"Era tentador prosseguir dali uma tentativa de análise da criação poética e artística em geral. O domínio da imaginação logo foi visto como uma 'reserva' feita durante a penosa transição do princípio de prazer para o princípio de realidade a fim de proporcionar um substituto para as satisfações instintuais que tinham de ser abandonadas na vida real. O artista, como o neurótico, se afastara de uma realidade insatisfatória indo para esse mundo da imaginação; mas, diferentemente do neurótico, sabia encontrar o caminho de volta daquela e mais uma vez conseguir um firme apoio na realidade.

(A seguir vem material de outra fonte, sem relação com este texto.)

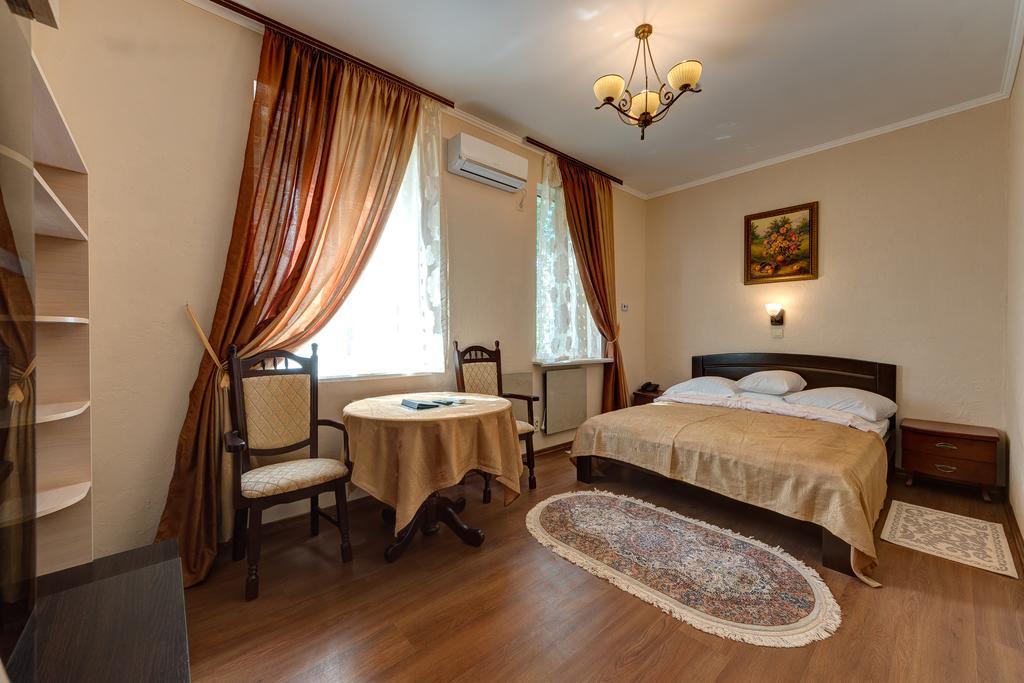 Aleksandria Hotel Kiev Extérieur photo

Suas criações, obras de arte, eram as satisfações imaginárias de desejos inconscientes, da mesma forma que os sonhos; e, como estes, eram da natureza das conciliações, visto que também eram forçados a evitar qualquer conflito aberto com as forças de repressão. Mas diferiam dos produtos a-sociais, narcísicos do sonhar, na medida em que eram calculados para despertar interesse compreensivo em outras pessoas, e eram capazes de evocar e satisfazer aos mesmos impulsos inconscientes repletos de desejos também nelas. Além disso, faziam uso do prazer percentual da beleza formal como o que chamei de um 'abono de incentivo'.
(...)
Meu ponto de partida foi a impressionante correspondência entre as duas ordenações tabus do totemismo (não matar o totem e não ter relações sexuais com qualquer mulher do mesmo clã do totem) e os dois elementos do complexo de Édipo (livrar-se do pai e tomar a mãe como esposa). Vi-me, portanto, tentado a equacionar o animal-totem com o pai; e, de fato, os próprios povos primitivos fazem isso explicitamente honrando-o como o ancestral do clã. A seguir vieram em meu auxílio dois fatos da psicanálise, uma feliz observação de uma criança feita por Ferenczi, que me permitiu referir-me a um 'retorno infantil do totemismo', e a análise de fobias animais iniciais nas crianças, que tantas vezes revelaram que o animal era um substituto do pai, um substituto para o qual o medo do pai, oriundo do complexo de Édipo, fora deslocado. Não me faltava muito para reconhecer o assassinato do pai como o núcleo do totemismo e o ponto de partida na formação da religião.
(...)
Depois que o animal totem deixou de servir como substituto para ele, o pai primitivo, ao mesmo tempo temido e odiado, reverenciado e invejado, tornou-se o protótipo do próprio Deus. A rebeldia do filho e sua afeição pelo pai lutavam uma contra a outra através de uma constante sucessão de conciliações, que procuravam, por um lado, reparar o ato do parricídio e, por outro, consolidar as vantagens que ocasionara. Esse ponto de vista da religião lança uma luz particularmente clara sobre a base psicológica do cristianismo, no qual, como sabemos, a cerimônia da refeição totem ainda sobrevive com apenas um pouco de distorção, sob a forma de comunhão."
(Freud, Um estudo autobiográfico (1925), volume XX das Obras completas).
(Freud, Um estudo autobiográfico (1925), volume XX das Obras completas).